My friends find it really funny that I have a hand fetish. Yes, I use the word fetish because I don’t think I have the power to imagine more than I do than when I see someone’s hands.

Hands, like scars, have their own stories to tell. There are hands like my father’s. Soft and stubby, quite contrary to what the conventional idea of man hands is. My mother says it is because he is a good, caring man who has been lucky to have the women around him love him enough to never have him work a day of manual labour. I always remember my dad’s hands as the ones that have never faltered when it came to teaching me a lesson and never being too hard on this crybaby he had for a daughter.

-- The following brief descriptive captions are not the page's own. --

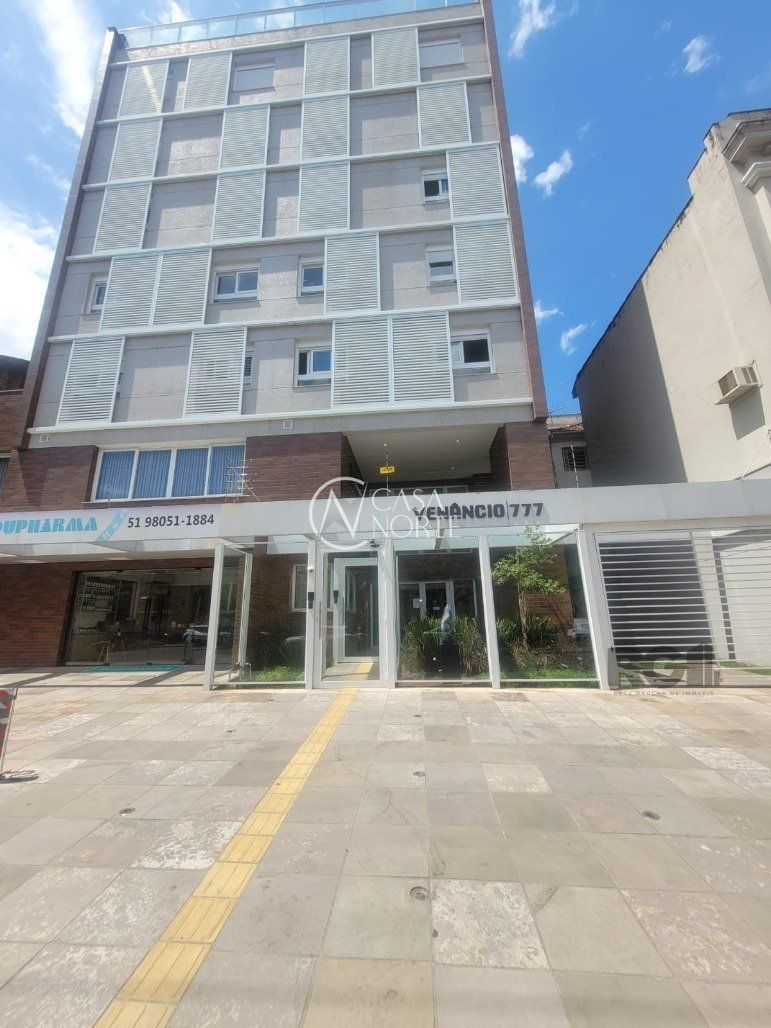 Apartamento à venda com 2 quartos, 55m², 1 suíte, 1 vaga, Avenida Venâncio Aires no bairro Santana em Porto Alegre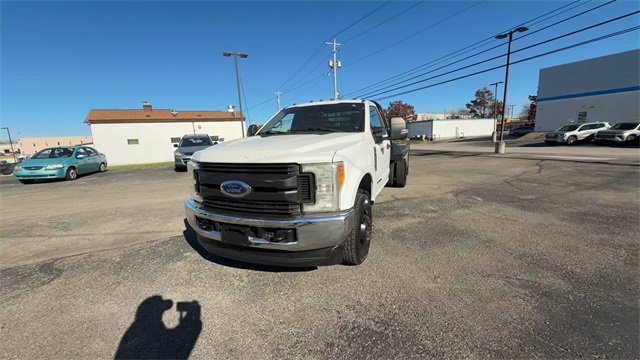 Used 2017 Ford F350 XL w/ Power Equipment Group image 3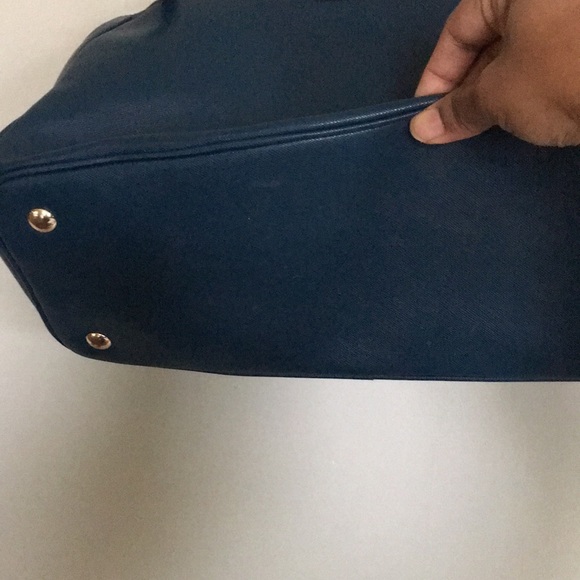 Coach - Picture 3 of 7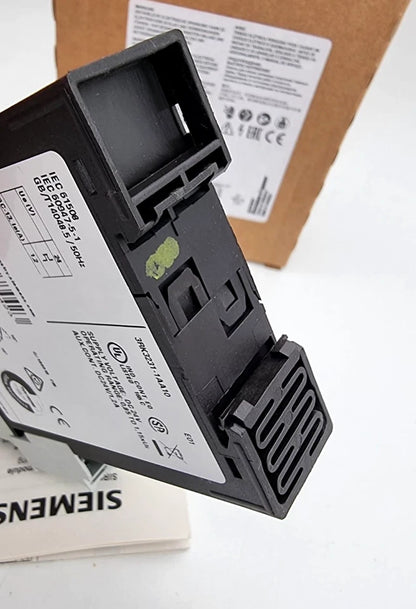 Siemens 3RK3231-1AA10 SIRIUS Erweiterungsmodul 2/4 F-DI 2 F-DO in original packaging.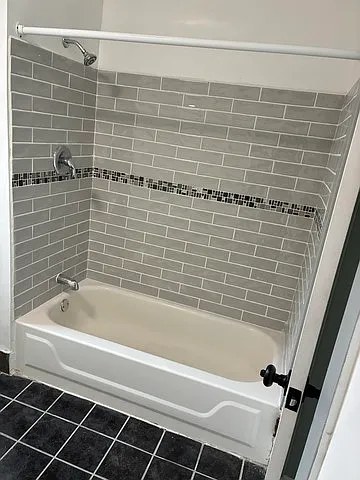 1430 N Leamington Ave #2 — Photo 8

At the other end of the spectrum are my mother’s hands, slender like a lady’s hands should be. But roughened by the life in a kitchen feeding her families before and after marriage and moulding children as a teacher.

Even today, you ask me about any boy I like and I will be able to tell you how much I loved his hands.

I still remember the hands of the teacher who threw us down on the floor in the name of discipline. I still remember the lining around the print left on my own tiny one because that is the only mark she thought a teacher is supposed to leave on a student.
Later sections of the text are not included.